MAHKEMESİ : Muş 1. Asliye Hukuk İş Mahkemesi
TARİHİ : 21/11/2013
NUMARASI : 2008/389-2013/503

Davacı, iş kazası sonucu maluliyetinden doğan maddi ve manevi tazminatın ödetilmesine karar verilmesini istemiştir.
Mahkeme ilamında belirtildiği şekilde, isteğin kısmen kabulüne karar vermiştir.
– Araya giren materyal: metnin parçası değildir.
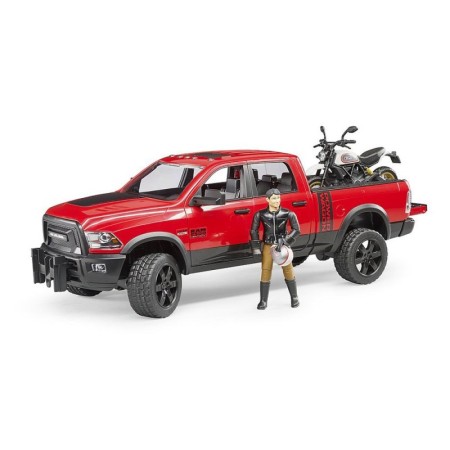 Bruder masina de teren RAM 2500 cu motocicleta Scrambler Ducati Desert si sofer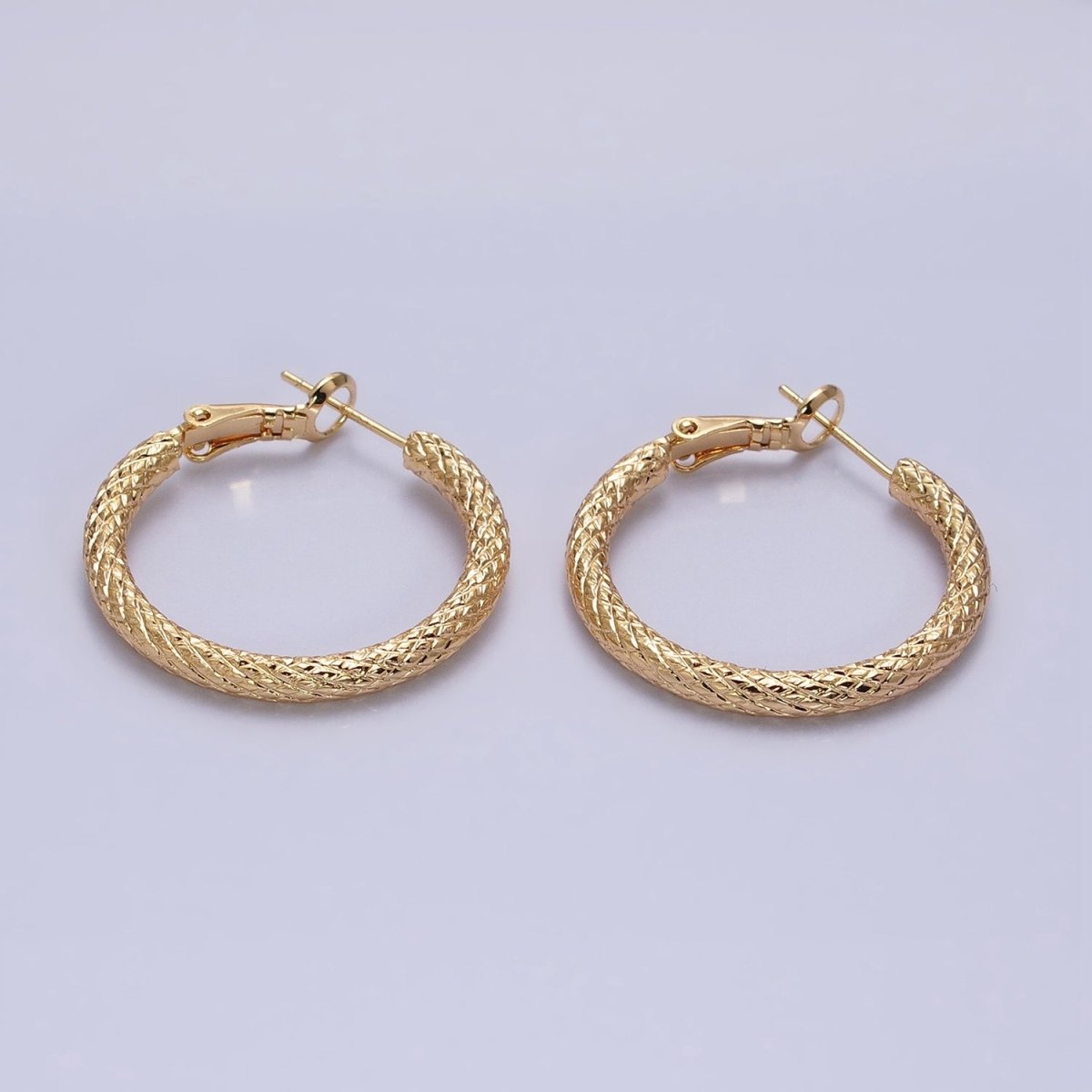 Silver, Gold 30mm Rhombus Textured Hinge Hoop Earrings | AB1094 AD792 - DLUXCA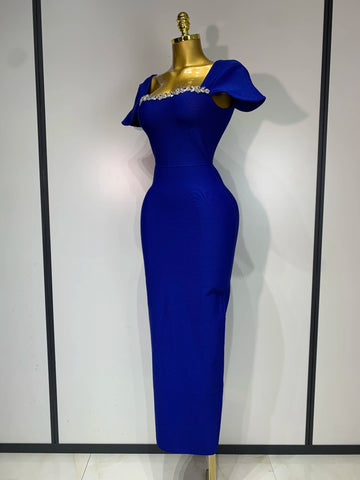 Kleid Royalblau Festlich Dekolleté mit Steinen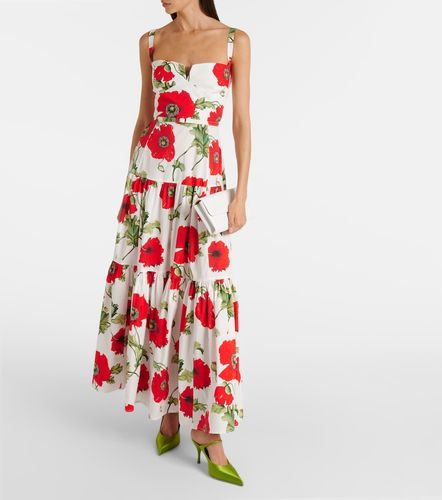 Robe longue en coton mélangé à imprimé floral et volants superposés - Oscar de la Renta - Modalova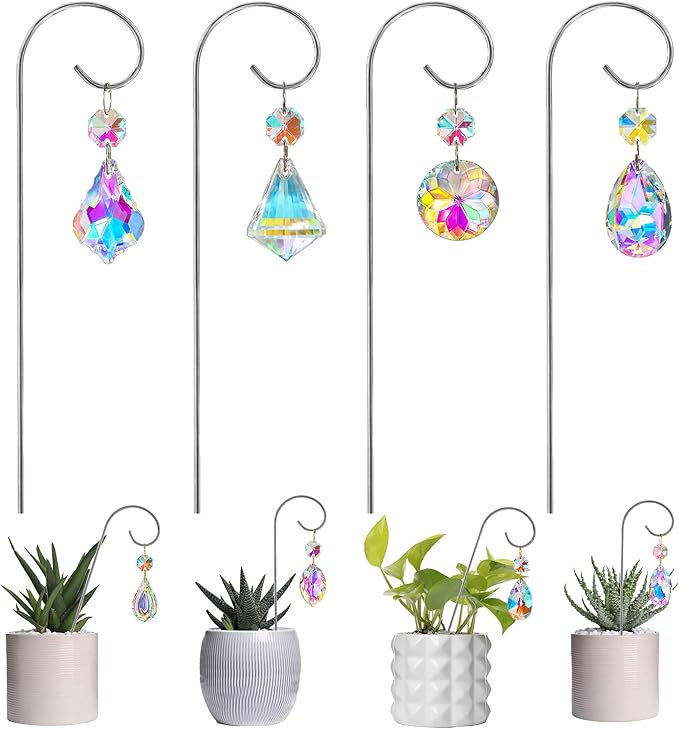 HDCRYSTALGIFTS Set 4 Small Trellis with Crystal Prisms Suncatchers for Mini Potted Plants Decorations, Rainbow Maker Plant Stakes Sun Catchers Plant Accessories Indoor (Sliver,7.5inch)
Hükmün davalı vekili tarafından temyiz edilmesi üzerine temyiz isteğinin süresinde olduğu anlaşıldıktan ve Tetkik Hakimi tarafından düzenlenen raporla dosyadaki kağıtlar okunduktan sonra işin gereği düşünüldü ve aşağıdaki karar tespit edildi.
K A R A R
Dava, zararlandırıcı olay sonucu sürekli işgöremezliğe uğrayan sigortalının maddi ve manevi zararlarının giderilmesi istemine ilişkindir.
Mahkemece, maddi tazminat talebinin kabulüne, manevi tazminat talebinin kısmen kabulüne karar verilmiştir.
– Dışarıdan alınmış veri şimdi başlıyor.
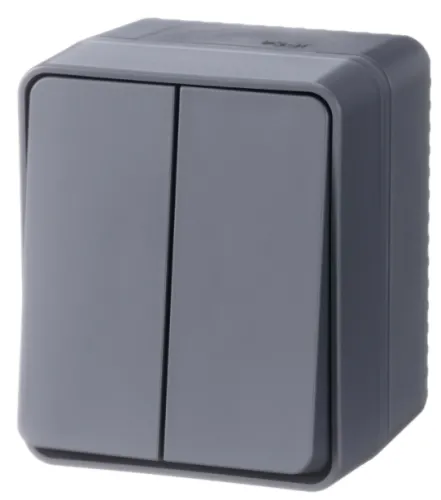 Выключатель Systeme Electric / Систем Электрик AtlasDesign Profi54, 10АX открытой установки, антрацит двухклавишный, ATN544051 / переключатель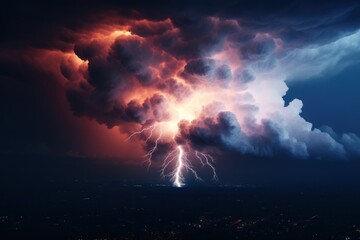 Lightning thunderstorm outdoors nature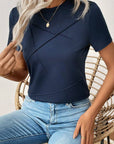 Stripe Textured Short Sleeve T-Shirt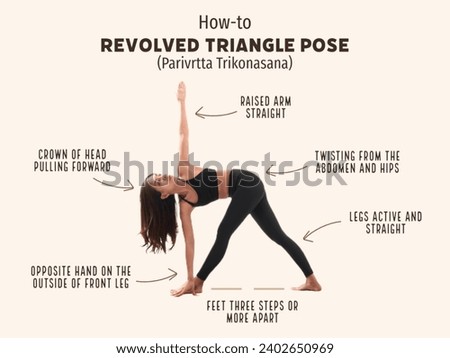 Parivrtta Trikonasana (Revolved Triangle Pose) is a powerful standing intermediate level yoga pose with a twist and a side bend.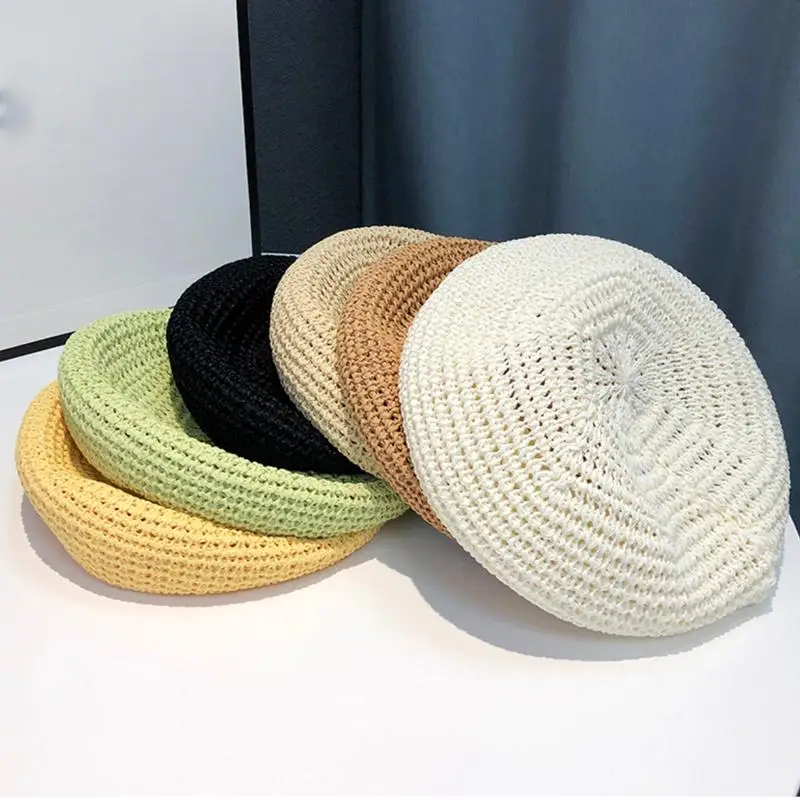 

Thin Hollowed Out Fashionable Grass Woven Beret Breathable Summer Straw Hollow Caps Casual And Versatile Painter Hat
Sosyal Güvenlik Kurumu tarafından karşılanmayan zararın ödetilmesine ilişkin davalarda (tazminat davaları) öncelikle haksız zenginleşmeyi ve mükerrer ödemeyi önlemek için Kurum tarafından sigortalıya bağlanan gelirin ilk peşin sermaye değerinin tazminattan düşülmesi gerektiği Yargıtay’ın oturmuş ve yerleşmiş görüşlerindendir. Diğer yandan, sigortalıya bağlanacak gelir ve hükmedilecek tazminatın miktarını doğrudan etkilemesi nedeniyle, işçide oluşan meslekte güç kayıp oranının hiçbir kuşku ve duraksamaya yer vermeksizin kesin olarak saptanması gerekir.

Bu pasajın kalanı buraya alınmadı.